DSG Executive Vice President Pete Schork, a junior, confirmed that DSG’s intent was “clearly communicated” verbally during the Spring semester, but noted that the administration can make policy decisions without student approval.

Seeing “eye to eye”

The lack of a written agreement has left the student government without leverage.

“It was frustrating... when [Moneta] asked me, ‘Can you show me where administrators agreed to a one-year increase, that this wasn’t just from the student’s end?’ and he knew the answer was, ‘No,’” Lefevre said.

DSG did not push to get written administrative approval because administrators could not commit without knowing exactly how the fee would affect the deficit, Lefevre said.

“We were confident in working with [Dawkins] and Sam [Veraldi, director of Parking and Transportation Services that] we would be able to eliminate the dining fee in one year or have a bullet-proof strategy for moving it down,” Lefevre said. “We truly did see eye to eye with the administrators after a very painful process of negotiations.”

Executive Vice President Tallman Trask said his direct involvement with Dining ended last year.

“I never liked the fee agreement, but the student leaders wouldn’t accept anything else,” he wrote in a Thursday e-mail.

But if there was an understanding between administrators and students, the current leaders tasked with reducing the deficit said they were not aware of its specifics.

Moneta, who was not involved in Dining before June, said he was not aware of a formal agreement between administrators and students. He added that he had not received any records of an agreement from Dawkins, who currently serves as the executive vice chancellor for administration at Rutgers University’s Newark campus.

Director of Dining Services Jim Wulforst, who was present in the meetings last year, said he had received DSG’s list of stipulations but “couldn’t tell you who said it or when it was said.”

“I don’t know if we ever said the fee would go back to $19.50 [after one year]. I don’t remember us ever having that discussion,” Wulforst said.

Moneta said even if a formal agreement had been made, it might not have made a difference in extending the fee for upcoming years.

Although he was aware of DSG’s intentions, Dawkins said eliminating the fee after one year had always been “a long shot.”

Last year, Dawkins said he considered a number of structural changes to make on-campus eateries more attractive to students, which made the financial impact of long-term policy decisions difficult to predict.

But with the change in leadership, plans proposed last year to evaluate and reform eateries were “thrown out,” Lefevre noted.

Moneta said this year’s increase cut the dining deficit approximately in half, adding that other measures, including eliminating faculty and staff discounts, will likely cover the rest of the deficit. Wulforst added that revenue has increased by 10 to 12 percent this year.

Just the beginning?

Ultimately, all campus leaders are working toward the same end—to improve the University dining experience, though their ideas to reach that goal may differ, Schork said.

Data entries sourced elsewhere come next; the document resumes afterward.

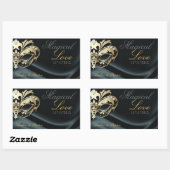 Black Masquerade Gold Candy Buffet Sticker (Blatt)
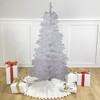 Northlight 4' Prelit Artificial Christmas Tree White Iridescent Pine - Pink/Purple Lights - 2 of 4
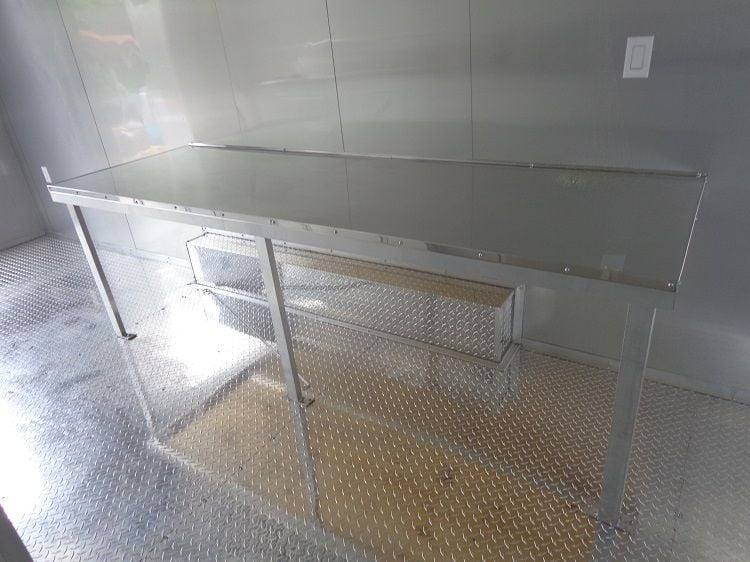 Concession Trailer 8.5'x24' Orange - Vending BBQ Catering Event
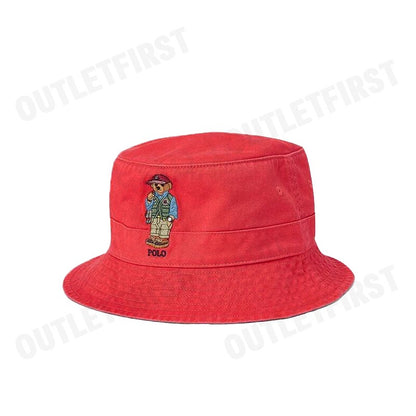POLO RALPH LAUREN รุ่น POLO BEAR COTTON BUCKET HAT CODE: 710900276002 หมวกบักเก็ต หมวกกันแดด หมวกแฟชั่น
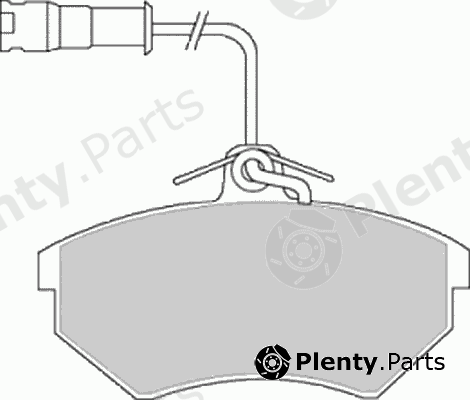  FERODO part FSL954 Brake Pad Set, disc brake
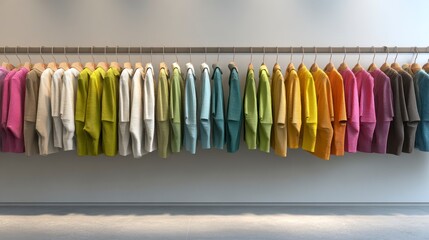 Colorful clothing display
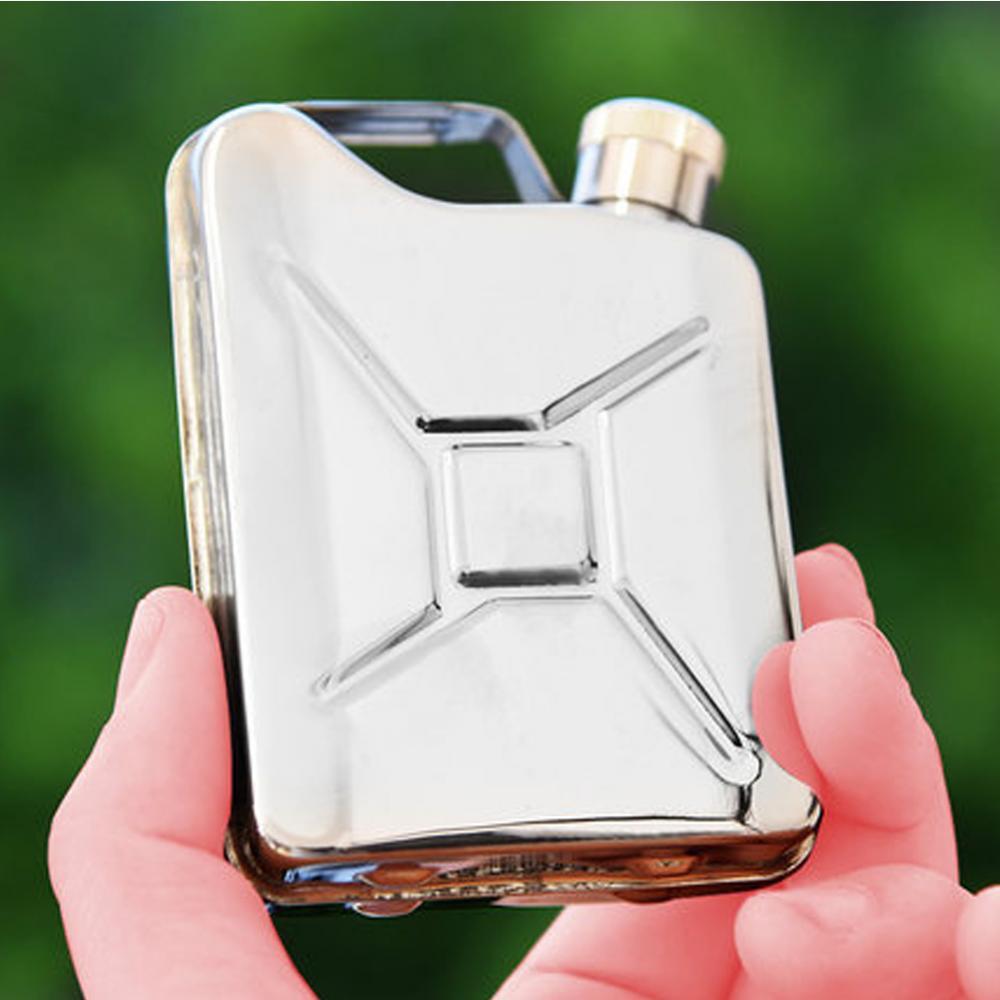 Portable Compact 177ml/6oz Stainless Steel Pocket Hip Flask Wine Pot Great for Outdoor Camping Travel Backpacking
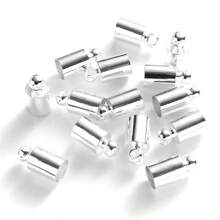 20入/包圓形繩端蓋 2 3 4 5 6 7 8 9 10mm 壓接端蓋接頭，適用於珠寶手工製作手鍊項鍊 - 20Pcs/Lot - 查看 23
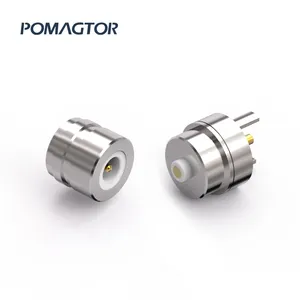 6mm fast charging 2pin round head magnetic connector for smart wearable device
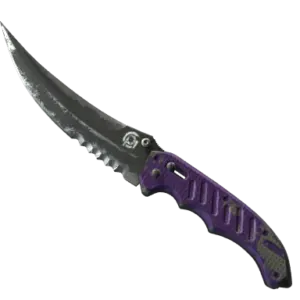 ★ StatTrak™ Flip Knife | Ultraviolet (Battle-Scarred)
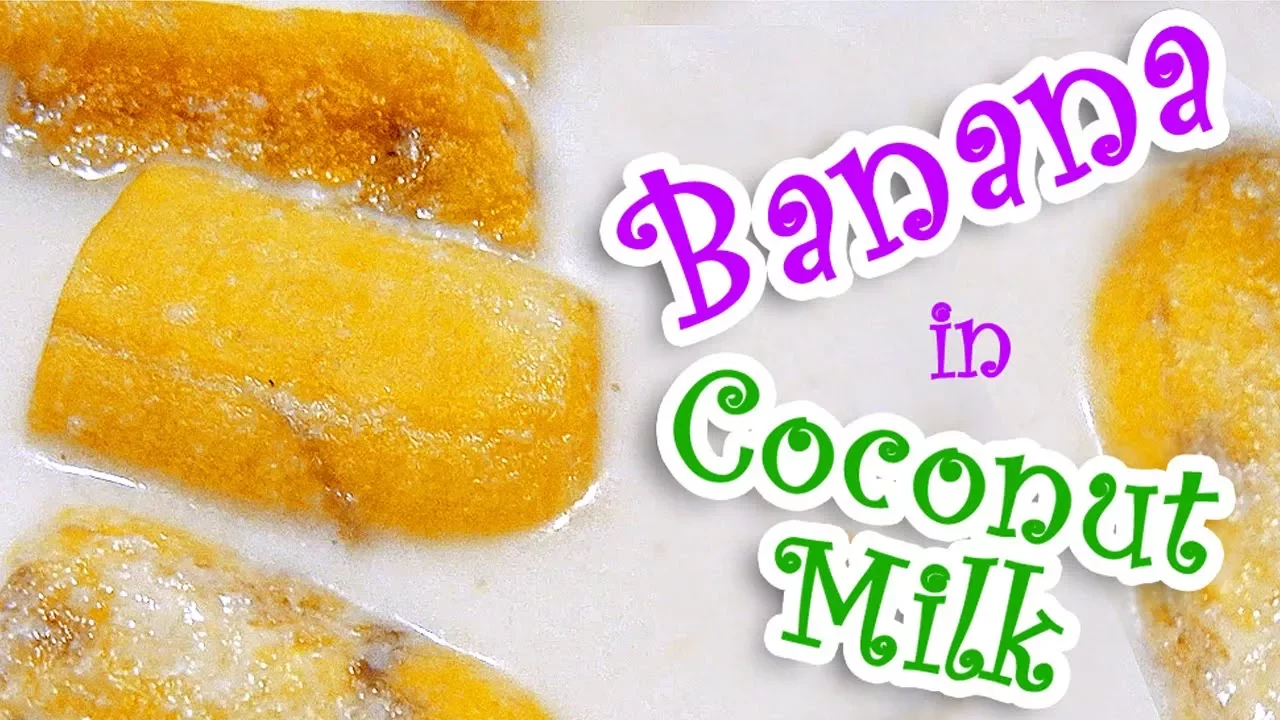 How to Make Banana in Coconut Milk Thai Dessert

“If you eliminate the fee, you eliminate resources that will ultimately be used to improve dining,” Schork said. “I’m not sure if I agree that students should be financing [the deficit], but if you look at things from a pure financial balance sheet perspective, I understand where [Student Affairs] is coming from.”

Student representatives from organizations like DSG will continue to meet monthly with administrators to create a strategic dining plan.

Although Moneta expressed his intention to continue the fee, the Board of Trustees has the final say in May 2011.

“I would like nothing more than to see that fee eliminated before I graduate, but... if that’s just not possible, I plan to create a comprehensive strategy on how to phase out that dining fee,” Lefevre said.

He added that he may have to work with the Board rather than Student Affairs. He said accepting the fee increase as definite is premature and nothing will be decided until next year.

“It seems that Dr. Moneta has been forthcoming about the dining budget and is generally open to some responsible changes for dining operation, but the proof is in the pudding,” Lefevre said. “We’ll see in May where we end up, and that will be the moment when we see whether this has been a real negotiation or whether it’s been a sham.”